Last week we looked at creating temporary urls to allow API clients to get uploaded files without exposing those files to the public internet (Returning secure files from an API with temporary URLs).

Uploading and returning files is a very common requirement of web applications and so it’s probably very likely that you will need to implement it at some point in your career.

However, testing this functionality isn’t very straight forward. Uploading and returning a file is quite different to just sending a POST request with a body and asserting the correct JSON payload was returned.

In today’s tutorial we will be looking at writing integration tests for uploading files and returning responses.

Configuring Laravel

We pretty much have everything we need out of the box in Laravel to make this easy, but there are a couple of things I like to set up to make things easier.

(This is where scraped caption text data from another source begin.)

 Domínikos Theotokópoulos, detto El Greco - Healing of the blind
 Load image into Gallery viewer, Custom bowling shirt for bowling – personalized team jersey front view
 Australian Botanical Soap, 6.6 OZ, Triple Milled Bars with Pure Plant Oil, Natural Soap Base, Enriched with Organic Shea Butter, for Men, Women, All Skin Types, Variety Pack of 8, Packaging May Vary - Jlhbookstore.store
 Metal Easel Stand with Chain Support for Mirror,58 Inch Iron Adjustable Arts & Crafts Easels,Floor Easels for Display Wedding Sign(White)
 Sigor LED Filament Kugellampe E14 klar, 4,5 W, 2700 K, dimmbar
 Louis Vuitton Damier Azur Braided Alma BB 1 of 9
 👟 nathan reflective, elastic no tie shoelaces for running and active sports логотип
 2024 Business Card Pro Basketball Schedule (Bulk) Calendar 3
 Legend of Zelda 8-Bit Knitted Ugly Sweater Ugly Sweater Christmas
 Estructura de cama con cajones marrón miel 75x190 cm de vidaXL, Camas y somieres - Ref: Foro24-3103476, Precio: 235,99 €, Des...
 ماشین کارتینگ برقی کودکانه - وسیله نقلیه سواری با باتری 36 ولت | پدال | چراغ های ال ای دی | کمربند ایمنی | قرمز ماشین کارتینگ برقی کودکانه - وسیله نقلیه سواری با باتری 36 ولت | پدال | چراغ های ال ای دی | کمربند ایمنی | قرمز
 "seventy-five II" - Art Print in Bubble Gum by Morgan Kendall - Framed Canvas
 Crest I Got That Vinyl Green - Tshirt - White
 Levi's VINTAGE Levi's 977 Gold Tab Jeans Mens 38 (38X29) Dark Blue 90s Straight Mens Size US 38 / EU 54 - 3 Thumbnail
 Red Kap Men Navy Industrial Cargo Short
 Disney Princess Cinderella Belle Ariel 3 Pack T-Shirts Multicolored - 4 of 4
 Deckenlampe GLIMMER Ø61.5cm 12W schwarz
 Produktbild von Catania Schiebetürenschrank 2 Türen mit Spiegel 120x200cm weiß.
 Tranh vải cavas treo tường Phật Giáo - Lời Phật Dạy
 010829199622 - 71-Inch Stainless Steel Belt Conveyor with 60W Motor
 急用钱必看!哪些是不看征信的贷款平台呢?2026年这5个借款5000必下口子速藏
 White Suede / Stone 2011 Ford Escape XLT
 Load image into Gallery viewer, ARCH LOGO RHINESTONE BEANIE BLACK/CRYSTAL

First I will set the default storage system to be an environment variable under filesystems.php:

'default' => env('FILESYSTEM_DEFAULT', 'local')

Locally I’m just going to use the local filesystem, but in development and production I will want to use S3.

Laravel’s filesystem abstraction means we don’t need to mess about with crazy mocks, so this will make things a lot easier.

Secondly I like to create a new directory under storage called testing. In this directory I will keep a copy of a few different file types that will likely be uploaded to the application, for example, a couple of different image formats, pdfs, Word documents, Excel spreadsheets etc.